In this season of electioneering, when the talks about bringing back the ill gotten wealth from the Swiss banks is reaching its crescendo, I am surprised that no one is even whispering about the farmers’ suicide issue and to do away with the evil practice of money lending that is responsible for this mayhem.
Farmers' suicides are increasing due to a vicious circle created by money lenders. At least 10,000 debt-ridden farmers in different parts of the country have committed suicide over the last decade. The money lenders lure farmers to take money but impose their own conditions for lending money. The farmers fall victim to them when the crops fail and in wake of their insurmountable debt they are left with no option other than death.
On average, one Indian farmer committed suicide every 32 minutes between 1997 and 2005. Since 2002, that has become one suicide every 30 minutes. The toll surely is among the largest sustained waves of suicides in human history. These numbers still underestimate the disaster, since women farmers are excluded from the official statistics.
All indications suggest that the successive governments are hand in gloves with the money lenders and giving them the lease in perpetuity to use their levers of exploitation in this country. The conspiracy of silence of the political leadership over this issue suggests that there would be no respite from farmer’s suicides in the days and years ahead.
To put the things in perspective; money lenders find an important place in Indian history. The vocation of lending money is followed by certain caste group in this country from ancient times. This separate group is known by different caste names in different states of India.
Although there is unanimity on the role of money lenders but there are differences over their contribution towards the society. Seldom one comes across the positive image of money lenders in India.

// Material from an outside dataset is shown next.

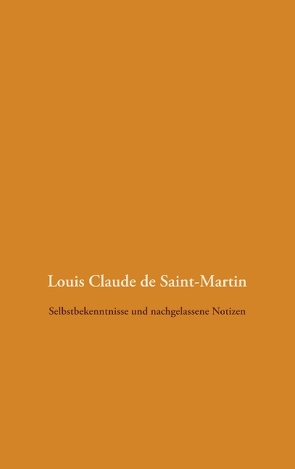 Selbstbekenntnisse und nachgelassene Notizen von Saint-Martin,  Louis Claude de, Weigt,  Detlef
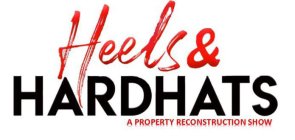 HEELS & HARDHATS A PROPERTY RECONSTRUCTION SHOW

India being primarily agricultural economy and farming heavily dependent on advance money, the association of Indian peasantry with money lenders is long and checkered.
Indian history is littered with the stories of dependence of ordinary folks on money lenders. In fact, there are many instances where land lords too are dependent on this group of people.
In my research on the Partition of India, I have come across many source materials those talks about rural indebtedness of Muslim peasants in the hands of the Hindu money lenders in west Punjab and Sindh. The 1946 election in the heart of Pakistan was also a vote to get librated from the clutches of the money lenders. The high rate of interest charged by the money lenders had made them lead a life of almost penury.
The Chetirs of Tamil Nadu played the same role in Burma. The Japanese occupation of Burma came as boon for the peasantry there. They felt liberated from the yoke of Indian money lenders. The Burmese peasantry rose in revolt to chase these money lenders out of their country. Indians were forced to take a ‘long walk’ to Tamil Nadu in wake of that retribution. The memory of that ‘walk’ still lingers on in this part of the world.
However, one cannot deny the fact that the money lenders played a big role in the capital formation of modern India. The history of many corporate giants of today could be traced to the humble beginning pursuing this vocation generations ago.
The modern banking system initiated by the British rule hardly changed the face of rural credit. Money lending as a profession still survives in the length and breadth of the country. A large number of small farmers are still dependent on them for their monetary credit even though an exploitative system in every sense of the term.
The alarming rate of farm suicide has been occurring in this country with impunity but there is little effort to check the evil practice of money lending that seems to be the main reason behind this catastrophe.
One wonders why the government of the day has failed to provide easy access of monetary credit to the rural folks. Is it because there is problem with the modern banking system or there is deliberate attempt by the government of the day to patronize this exploitative practice. I leave this here as food for thought and draw one own conclusion.
However, here I may like to pitch in a random thought for consideration. To me one of the reasons of the decline of the power base of the Muslims in India could be due to the strict abhorrence of their religion towards the practice of money lending. The feudal mode production that once Muslims supervised in India could not cross the hump and reach the plateau of capitalism. It was due to the blockage of capital formation that the process of industrial growth was stymied. Without avenues of growth the feudal mode of production fossilized finally to decline and fall. Now the ladder looks too tall to climb and this could be one the reason of commotion that’s being witnessed in India.